--- Data section ---
============================================================
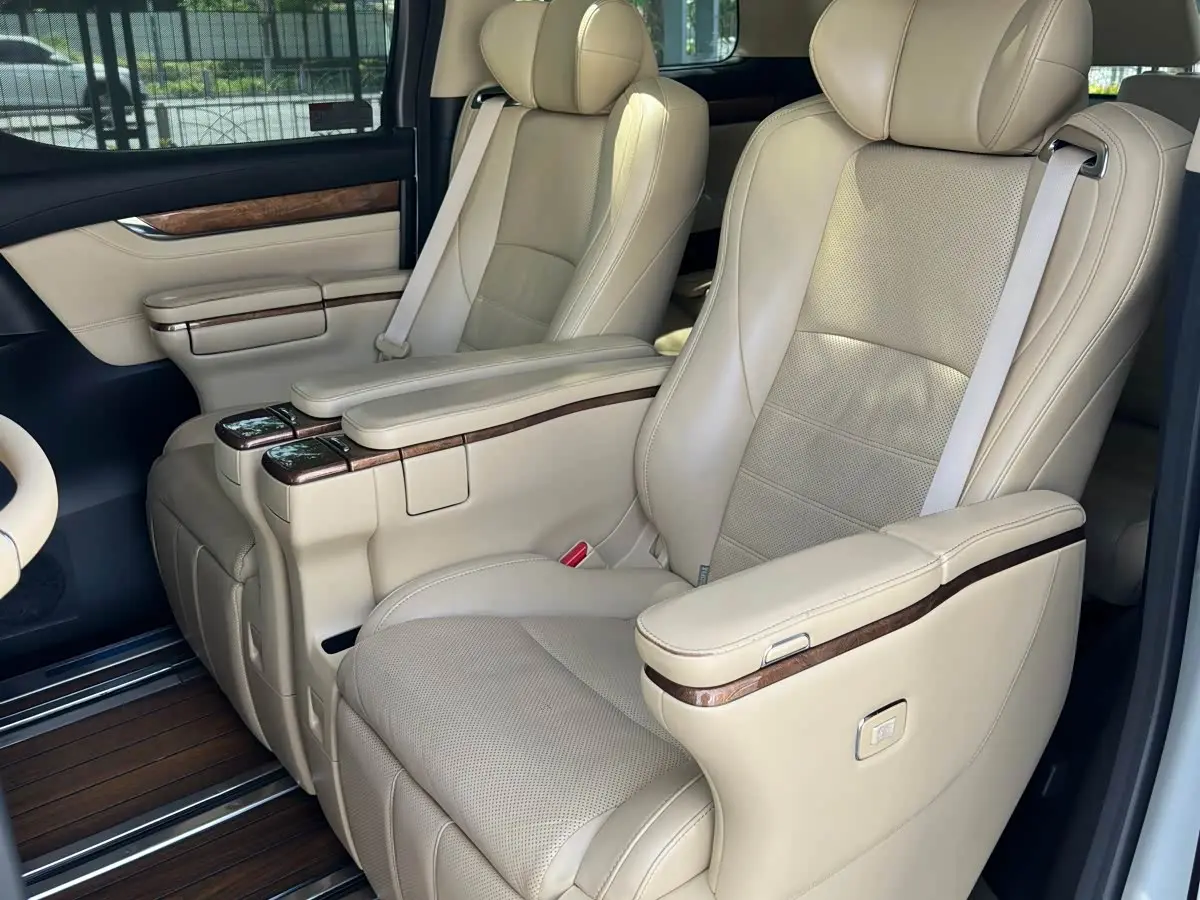 Toyota Alphard 2017 — Фото 16/20
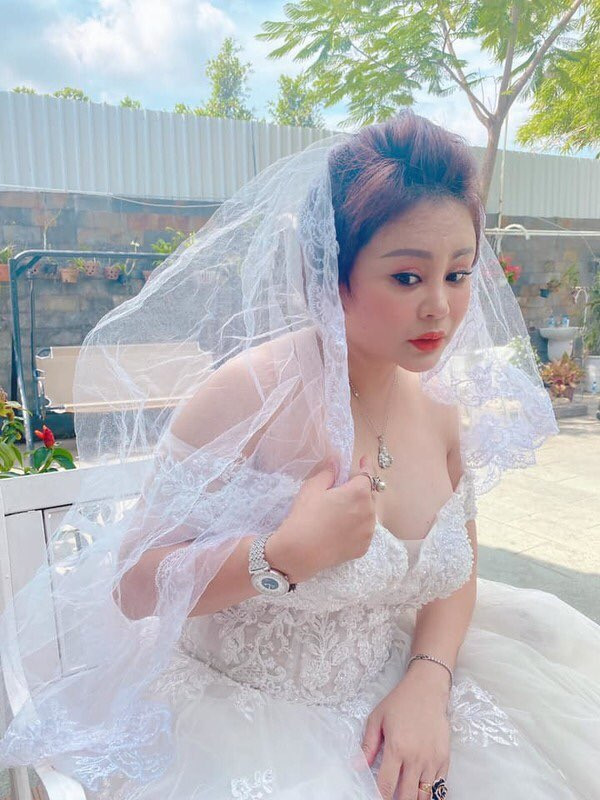 Bảo Anh khoe vòng 3 đẹp nín thở; Tiểu Vy tung bộ ảnh mới đón tuổi 20 ảnh 19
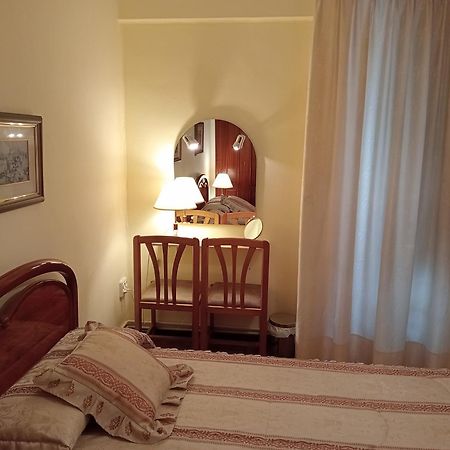 Habitacion Matrimonial Centro Ciudad Oviedo Bagian luar foto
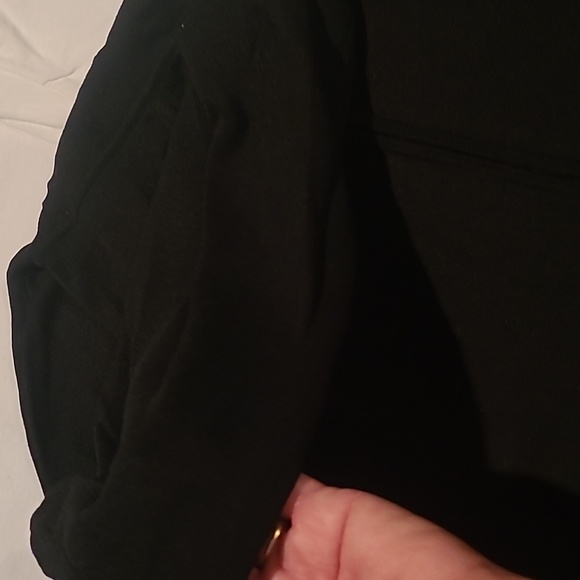Shelly M. Couture Black Hoodie Sweater, sleeves with ribbed bottom, Zip Front, L - Picture 7 of 9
============================================================
--- Task item ---
The output has to match the data above line for line, except that pictures are dropped.

--- Answer below ---
 Toyota Alphard 2017 — Фото 16/20
 Bảo Anh khoe vòng 3 đẹp nín thở; Tiểu Vy tung bộ ảnh mới đón tuổi 20 ảnh 19
 Habitacion Matrimonial Centro Ciudad Oviedo Bagian luar foto
Shelly M. Couture Black Hoodie Sweater, sleeves with ribbed bottom, Zip Front, L - Picture 7 of 9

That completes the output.